The defendants have moved to dismiss the action on the following grounds:

(1) that the complaint does not contain any allegation of jurisdiction;

(2) that the action is brought in the wrong district because of residence requirements ;

(3) that the action has been brought in an inconvenient forum.

Plaintiff herein is an Italian corporation. Defendant Vanguard Films, Inc., is a California corporation which has qualified to do business in the State of New York, as appears from the affidavit submitted by plaintiff’s counsel. Defendant David

0. Selznick apparently is a resident of the State of California, — in any event he is not a resident of the State of New York.
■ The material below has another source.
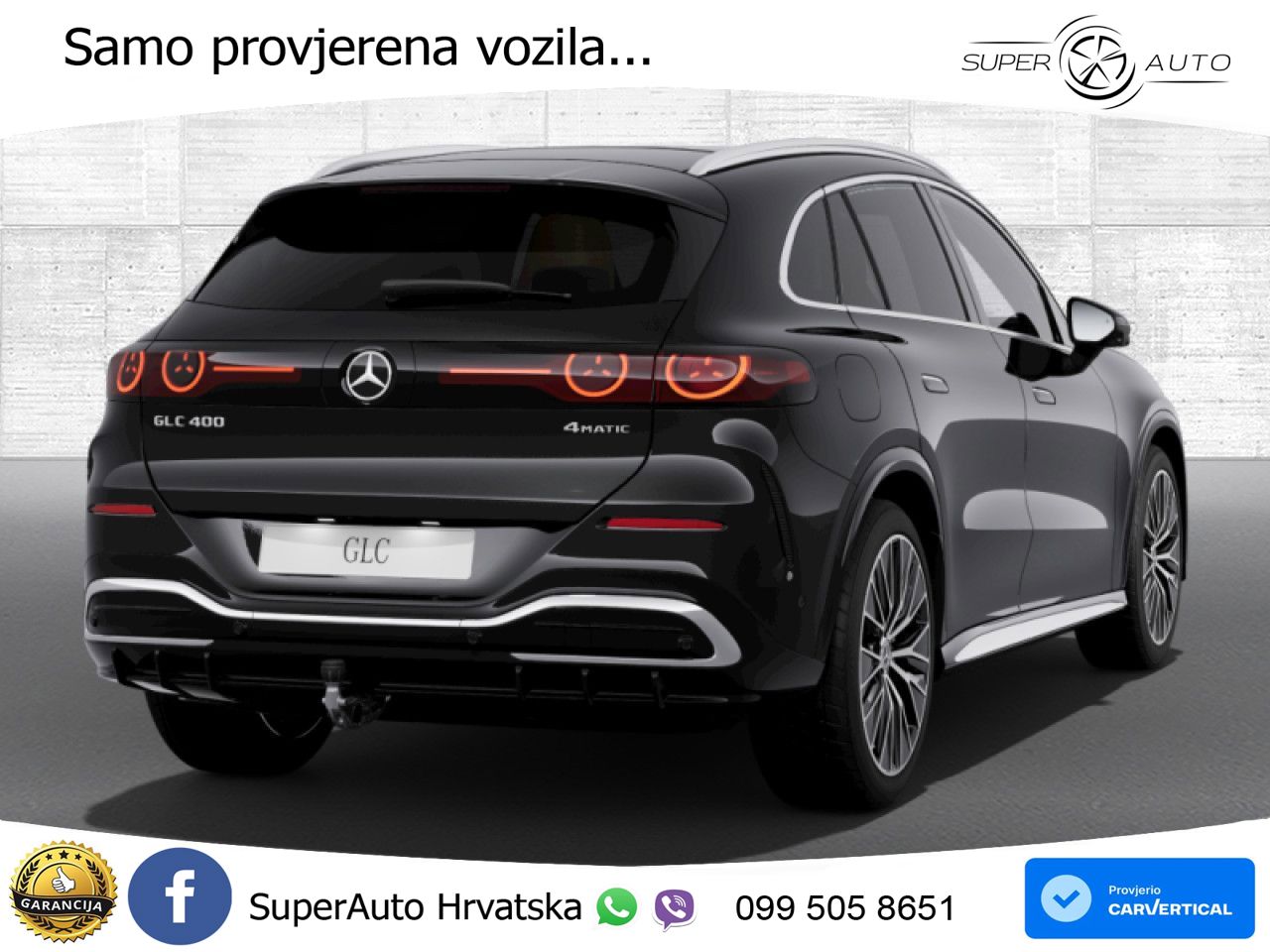 Mercedes GLC 400 94 kWh (489 KS) 4MATIC EQ Technology AMG LED+GR SJED+ACC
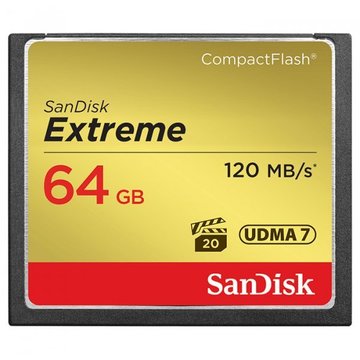 Карта пам'яті SanDisk CompactFlash 64 Gb Extreme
These facts are alleged in plaintiff’s complaint, and there also appears an allegation that the amount in controversy exceeds the sum of $3000, exclusive of interest and costs. Hence the complaint does satisfy the diversity of citizenship jurisdictional requirements and there is no merit to defendants’ first ground for dismissal.

The second ground for dismissal requires more serious consideration. The action is for breach of a contract entered into between the plaintiff and the defendant Vanguard Films, Inc., on February 9, 1946. David O. Selznick was made a party defendant because Vanguard Films, Inc., it is alleged, made .the agreement on its own behalf and on behalf of Selznick.

Section 1391(a) of Title 28 of the United States Code requires that “A civ- ’ il action wherein jurisdiction is founded only on diversity of citizenship may * * * be brought only in the judicial district where all plaintiffs or all defendants reside.” Neither plaintiff nor defendant Selznick resides in this district. However, defendant Vanguard Films, Inc., does reside here since it has qualified to do business in New York State as a foreign corporation, has designated the Secretary of State as its agent to be served with process, and is in fact doing business in the Southern District of New York. Section 1391(c), Title 28 U.S.C.A.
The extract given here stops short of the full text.